The Dyer's Guide. Chapter IV. On Scouring and Dyeing Wool. To dye wool green.

The Dyer's Guide
Being a Compendium of the Art of Dyeing
Linen, Cotton, Silk, Wool, Muslin, Dresses, Furniture, &c. &c.

With The Method of
Scouring Wool, Bleaching Cotton, &c.
Directions for Ungumming Silk, And For Whitening And Sulphuring Silk And Wool.
And Also
An Inttroductory Epitome of The Leading Facts in Chemistry, As Connected With The Art of Dyeing.

By Thomas Packer,
Dyer and Practical Chemist.

"Cet arte est un des plus utiles et des plus merveilleux qu'on connoisse."
- Chaptal.

"There is no art which depends so much on chemistry as dyeing."
- Garnett.

Second Edition,
Corrected and Materially Improved.

Printed for Sherwood, Gilbert, And Piper,

The shades of this colour are very numerous, as yellow green, pale green, bright green, grass green, laurel green, olive green, sea green, parrot green, cabbage green, duck's-wing green, &c.

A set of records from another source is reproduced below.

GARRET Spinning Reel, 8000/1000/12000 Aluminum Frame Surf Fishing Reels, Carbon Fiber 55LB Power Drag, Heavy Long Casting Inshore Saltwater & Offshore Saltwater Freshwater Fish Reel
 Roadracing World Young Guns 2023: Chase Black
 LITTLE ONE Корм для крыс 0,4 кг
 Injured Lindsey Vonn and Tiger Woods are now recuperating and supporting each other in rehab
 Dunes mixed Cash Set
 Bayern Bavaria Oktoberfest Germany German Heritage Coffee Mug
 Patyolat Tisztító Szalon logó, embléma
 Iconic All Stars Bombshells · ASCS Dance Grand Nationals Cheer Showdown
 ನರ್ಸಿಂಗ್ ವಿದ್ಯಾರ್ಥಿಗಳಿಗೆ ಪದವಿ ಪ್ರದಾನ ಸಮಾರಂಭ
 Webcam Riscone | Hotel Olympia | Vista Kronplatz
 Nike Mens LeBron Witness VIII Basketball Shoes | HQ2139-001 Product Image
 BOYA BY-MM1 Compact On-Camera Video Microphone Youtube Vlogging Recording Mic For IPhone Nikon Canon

The goods must first have a blue ground from the woad vat, light or full according to the pattern, they are afterwards to be prepared with alum and tartar, weak or strong according to the lightness or fulness of the pattern, and are afterwards dyed in weld liquor. Many of the shades of green are more readily done by dyeing the wool first yellow with old fustic, with a preparation of alum and tartar, and using the chemic blue vat made with sulphuric acid and indigo. See page 47.